Every one, I believe, admits that the coming of the Son of man, foretold in the thirtieth verse of this twenty-fourth chapter of St. Matthew's gospel, when the sign of the Son of man is to be displayed in the heavens, when the tribes of the earth shall be seized with consternation, seeing him coming in the clouds of heaven with power and great glory; every one admits, that the coming thus foretold in the thirtieth verse, is to succeed those disorders in the sun, moon, and stars, mentioned in the twenty-ninth. Darkness in the sun and moon, and a falling of the stars, were images in frequent and familiar use among the Jewish prophets, to denote the overthrow of great empires, or the fall of mighty potentates; and there is nothing in the images themselves to connect them with one event of this kind rather than another. But if we recur to the parallel passage of St. Luke's gospel, we shall find, that before these signs in the sun, moon, and stars, our Lord had mentioned that Jerusalem is to be trodden down of the Gentiles, until the times of the Gentiles be fulfilled; that is, till the time shall come for that occasion of new converts from the

Gentiles, which, as St. Paul intimates, is to follow the restoration of the converted Jews. "If the fall of them" (the Jews), says St. Paul, "be the riches of the world, and the diminishing of them the riches of the Gentiles, how much more their fulness!" After he had mentioned this fulfilling of the times of the Gentiles, then, according to St. Luke, our Lord introduced those signs in the sun. and the heavenly bodies. These signs, therefore, are not to take place till the time come for the fulfilling of the Gentiles; not, therefore, till the restoration of the Jews, which is to be the beginning and the means of that fulfilling. They cannot, therefore, be intended to denote the beginnings of that dispersion of the Jews from which they are to be restored when these signs take place. Nor can the coming of the Son of man, which is still to succeed these signs, be his coming figuratively to effect that dispersion by the arms of Vespasian. The dispersion, I say, of the Jewish people, which, by a considerable interval, was to precede these signs, cannot be the same thing with the coming of the Son of man, which is to follow them.

Upon these grounds, I conclude that, under the image of these celestial disorders, the overthrow of some wicked nations in the last ages is predicted; probably of some who shall pretend to oppose, by force of arms, the return of the chosen race to the holy land, and the re-establishment of their kingdom. And if this be the probable interpretation of the signs in the sun and moon, the advent which is to succeed those signs can hardly be any other than the real advent at the last day.

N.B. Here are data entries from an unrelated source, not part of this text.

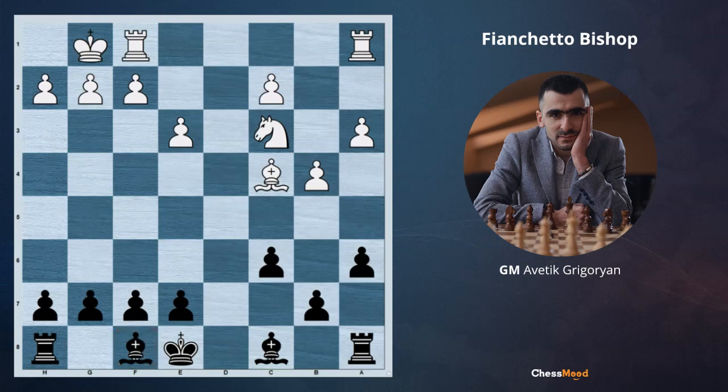Should we play e6 or e5, then bishop e7? We could, but here the opponent's long diagonal, a1 to h8, is very weak. There is no d4 pawn, and also white doesn't have the dark square bishop. So here g6 becomes the best move — g6, then bishop g7, the bishop goes to the long diagonal. It can stay on f5 later, but first we do g6, bishop g7, taking the bishop to the best square for it.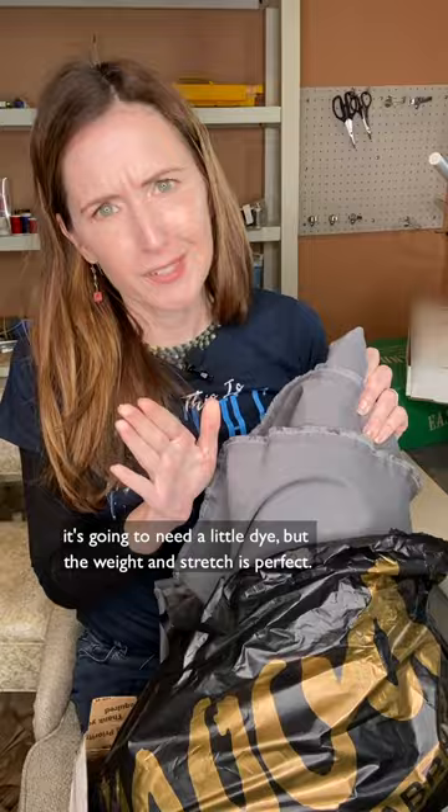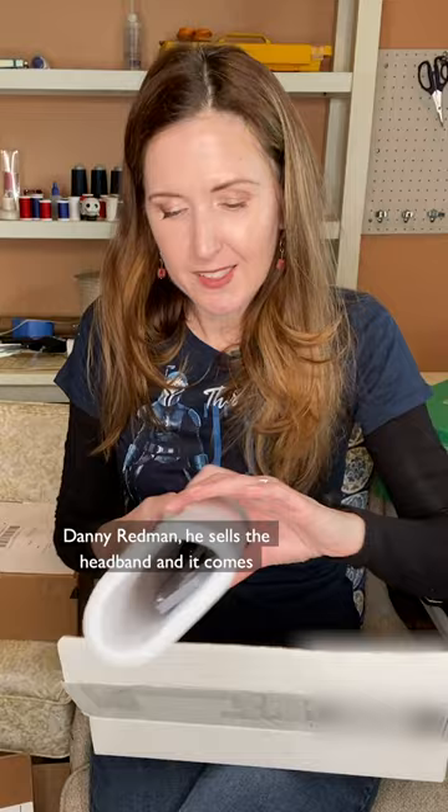These Eastland boots are the same boots I used for my Mando — I'm going to make spats for these. Danny Redman sells the headband, and it comes with electronics so these can light up. So cool! This was a birthday present from Jared.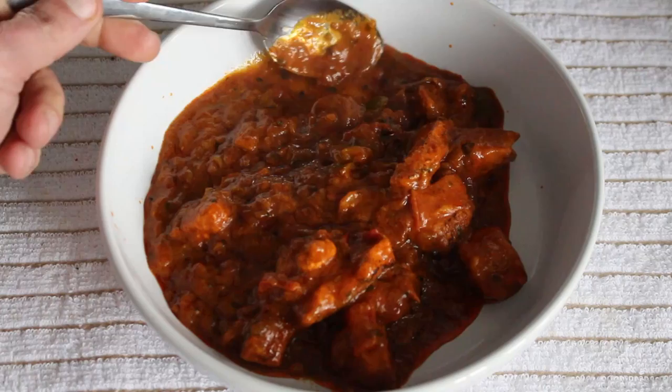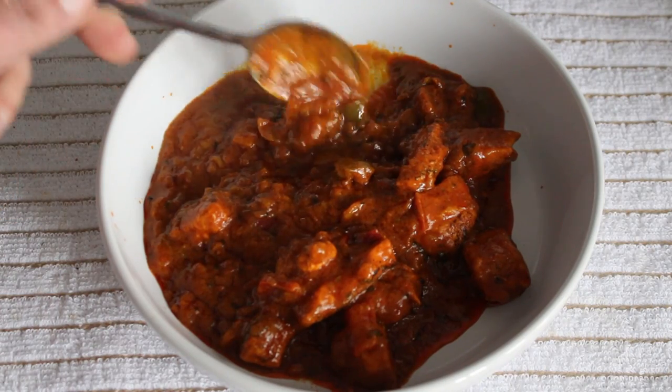Oh, what is that? Oh, balti sauce! Oh for god's sake — oh for god's sake, will you focus? My boot!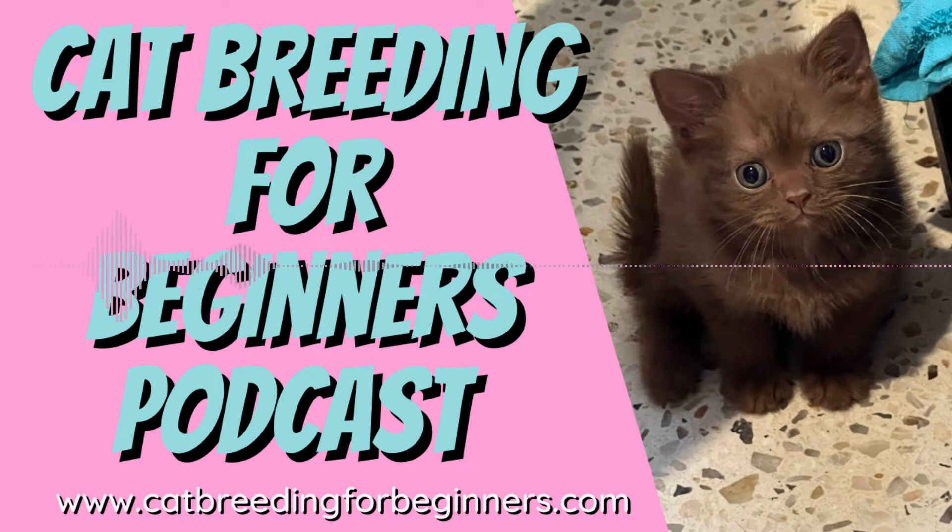Before we get started, make sure you visit my website and download your copy of my helpful guide Advice to New Breeders, where experienced breeders share some great tips they wish someone told them when they started breeding. You can find the link on my homepage at www.catbreedingforbeginners.com - just look for the picture of Angelica with her kittens.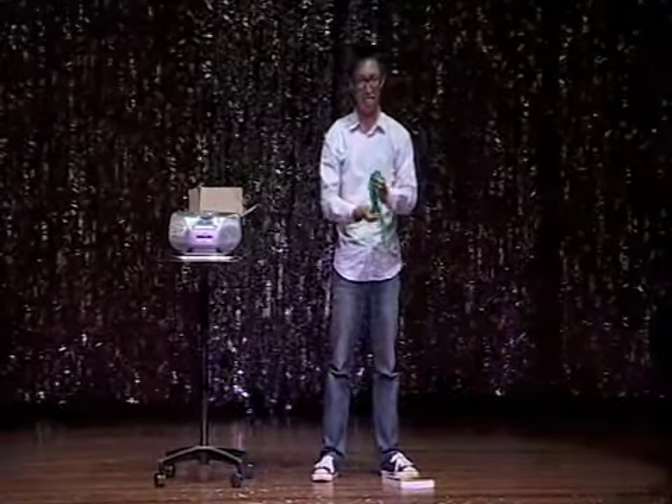Congratulations! You are now a magician! Take your bow!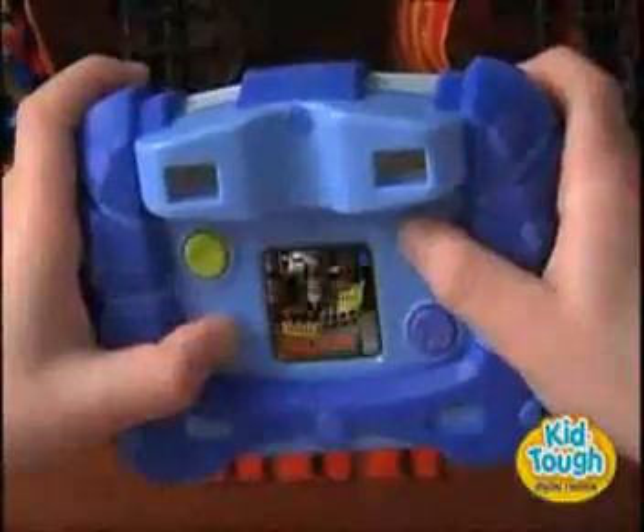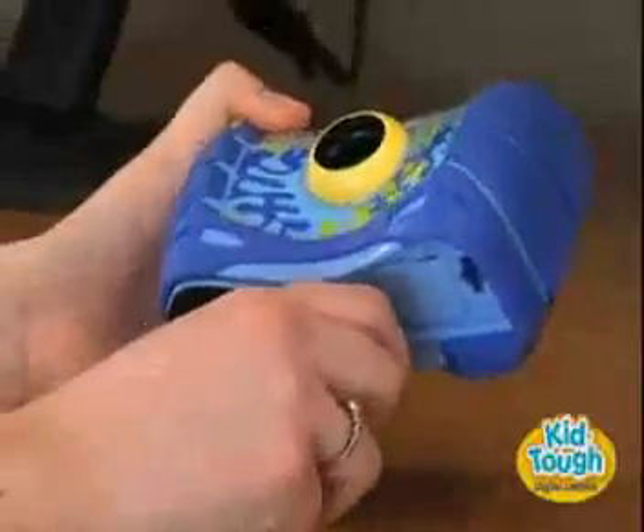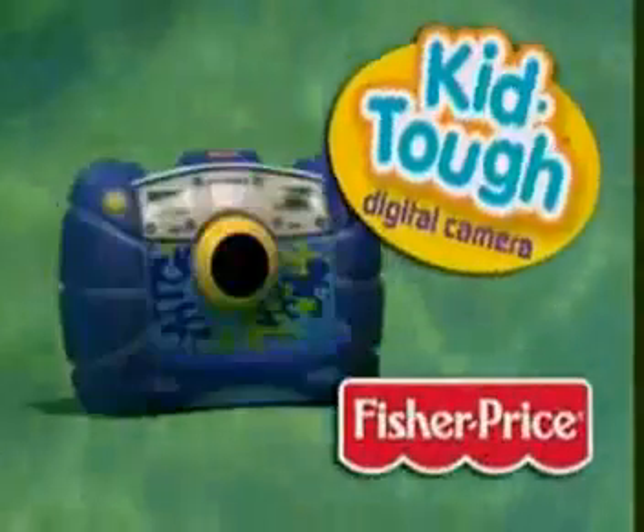It features a color LCD screen, onboard memory for 500 pictures, and you can easily download the pictures to any computer. It's the KidTough Digital Camera, only from Fisher Price.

In my first discourse upon this subject, I had occasion to obviate an objection that might be raised, from the declaration which our Lord subjoins to his parable of the fig-tree: "This generation shall not pass away till all these things be fulfilled." I showed that the words all these things do not denote all the particulars of the whole preceding prophecy, but all the things denoted by the same

words in the application of that parable,—namely, all the first signs which answer to the budding of the fig-tree's leaves.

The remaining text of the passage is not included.